* _Aim of the exercise_
Using the records below, repeat exactly the lines from the one holding "12生肖虎年运程(虎年12生肖运势)" through the one holding "Cherry Tomato", both ends included, and no others.
Dataset entries START
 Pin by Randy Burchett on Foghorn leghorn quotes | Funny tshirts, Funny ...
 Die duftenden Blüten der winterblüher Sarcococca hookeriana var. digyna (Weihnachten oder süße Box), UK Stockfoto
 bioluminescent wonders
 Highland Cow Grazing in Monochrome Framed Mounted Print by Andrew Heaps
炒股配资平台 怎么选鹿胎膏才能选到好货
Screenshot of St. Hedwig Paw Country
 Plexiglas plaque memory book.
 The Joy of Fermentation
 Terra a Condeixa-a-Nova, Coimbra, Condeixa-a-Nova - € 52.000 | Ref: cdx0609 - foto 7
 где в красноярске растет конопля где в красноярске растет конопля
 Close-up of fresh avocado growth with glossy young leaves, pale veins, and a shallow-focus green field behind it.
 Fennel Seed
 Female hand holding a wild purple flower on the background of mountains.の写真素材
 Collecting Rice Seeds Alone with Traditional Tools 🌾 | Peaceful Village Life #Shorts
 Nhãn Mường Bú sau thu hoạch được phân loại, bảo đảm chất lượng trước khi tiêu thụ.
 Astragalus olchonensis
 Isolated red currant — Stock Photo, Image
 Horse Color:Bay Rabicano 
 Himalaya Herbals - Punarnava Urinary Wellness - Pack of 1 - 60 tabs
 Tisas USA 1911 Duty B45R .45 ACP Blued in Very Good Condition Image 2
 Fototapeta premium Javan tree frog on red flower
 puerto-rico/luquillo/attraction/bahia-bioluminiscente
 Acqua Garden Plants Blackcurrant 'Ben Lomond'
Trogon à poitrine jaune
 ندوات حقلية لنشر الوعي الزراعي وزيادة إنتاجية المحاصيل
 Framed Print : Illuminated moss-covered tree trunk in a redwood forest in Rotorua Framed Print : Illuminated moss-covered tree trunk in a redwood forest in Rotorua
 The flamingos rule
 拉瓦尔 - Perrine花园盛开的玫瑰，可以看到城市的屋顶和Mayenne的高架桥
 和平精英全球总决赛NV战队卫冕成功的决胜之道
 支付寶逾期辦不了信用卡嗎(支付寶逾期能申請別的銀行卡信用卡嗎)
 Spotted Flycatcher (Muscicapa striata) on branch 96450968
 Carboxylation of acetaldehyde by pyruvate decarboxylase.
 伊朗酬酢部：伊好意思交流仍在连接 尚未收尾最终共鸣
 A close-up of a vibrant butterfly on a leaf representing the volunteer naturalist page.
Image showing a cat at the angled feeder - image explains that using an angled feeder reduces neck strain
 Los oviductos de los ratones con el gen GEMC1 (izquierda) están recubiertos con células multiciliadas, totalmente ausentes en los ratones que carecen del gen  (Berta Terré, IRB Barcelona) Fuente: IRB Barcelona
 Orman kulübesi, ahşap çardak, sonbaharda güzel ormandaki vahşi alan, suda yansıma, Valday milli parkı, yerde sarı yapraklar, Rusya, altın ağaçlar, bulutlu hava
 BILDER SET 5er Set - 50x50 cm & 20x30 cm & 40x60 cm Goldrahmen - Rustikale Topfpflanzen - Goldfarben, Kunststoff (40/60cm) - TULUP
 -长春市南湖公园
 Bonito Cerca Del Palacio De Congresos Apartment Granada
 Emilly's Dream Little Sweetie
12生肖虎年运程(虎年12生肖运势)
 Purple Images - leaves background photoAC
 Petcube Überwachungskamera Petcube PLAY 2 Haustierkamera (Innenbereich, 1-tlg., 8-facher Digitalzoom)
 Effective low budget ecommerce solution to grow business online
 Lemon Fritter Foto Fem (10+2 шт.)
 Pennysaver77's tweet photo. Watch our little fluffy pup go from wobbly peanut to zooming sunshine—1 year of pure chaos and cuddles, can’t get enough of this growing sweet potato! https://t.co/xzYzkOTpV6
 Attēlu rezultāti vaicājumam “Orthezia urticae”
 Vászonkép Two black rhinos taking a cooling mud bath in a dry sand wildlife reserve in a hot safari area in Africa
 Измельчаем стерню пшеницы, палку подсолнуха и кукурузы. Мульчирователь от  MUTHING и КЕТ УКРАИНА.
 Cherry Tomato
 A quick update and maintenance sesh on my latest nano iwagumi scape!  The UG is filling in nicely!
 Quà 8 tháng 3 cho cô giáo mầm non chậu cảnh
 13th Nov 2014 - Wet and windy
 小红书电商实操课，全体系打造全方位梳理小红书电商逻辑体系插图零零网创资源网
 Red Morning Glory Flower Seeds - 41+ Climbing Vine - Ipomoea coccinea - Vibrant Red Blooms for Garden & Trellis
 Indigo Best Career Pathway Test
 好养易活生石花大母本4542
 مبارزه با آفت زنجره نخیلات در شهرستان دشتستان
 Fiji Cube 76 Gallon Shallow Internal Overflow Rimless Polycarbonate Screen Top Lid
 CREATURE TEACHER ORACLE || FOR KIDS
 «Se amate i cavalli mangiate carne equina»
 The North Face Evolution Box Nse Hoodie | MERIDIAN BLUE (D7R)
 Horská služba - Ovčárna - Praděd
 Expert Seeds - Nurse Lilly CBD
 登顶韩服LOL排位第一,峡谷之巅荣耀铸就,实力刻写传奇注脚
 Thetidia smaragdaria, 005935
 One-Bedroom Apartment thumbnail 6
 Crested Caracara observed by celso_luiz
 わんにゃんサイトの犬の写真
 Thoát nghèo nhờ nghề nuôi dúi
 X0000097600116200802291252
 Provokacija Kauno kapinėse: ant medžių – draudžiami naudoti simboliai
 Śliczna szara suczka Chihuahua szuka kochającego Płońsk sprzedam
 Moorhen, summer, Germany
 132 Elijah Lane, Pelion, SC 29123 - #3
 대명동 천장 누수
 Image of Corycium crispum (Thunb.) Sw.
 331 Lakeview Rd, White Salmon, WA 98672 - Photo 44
Dataset entries END
* _Task response_
12生肖虎年运程(虎年12生肖运势)
 Purple Images - leaves background photoAC
 Petcube Überwachungskamera Petcube PLAY 2 Haustierkamera (Innenbereich, 1-tlg., 8-facher Digitalzoom)
 Effective low budget ecommerce solution to grow business online
 Lemon Fritter Foto Fem (10+2 шт.)
 Pennysaver77's tweet photo. Watch our little fluffy pup go from wobbly peanut to zooming sunshine—1 year of pure chaos and cuddles, can’t get enough of this growing sweet potato! https://t.co/xzYzkOTpV6
 Attēlu rezultāti vaicājumam “Orthezia urticae”
 Vászonkép Two black rhinos taking a cooling mud bath in a dry sand wildlife reserve in a hot safari area in Africa
 Измельчаем стерню пшеницы, палку подсолнуха и кукурузы. Мульчирователь от  MUTHING и КЕТ УКРАИНА.
 Cherry Tomato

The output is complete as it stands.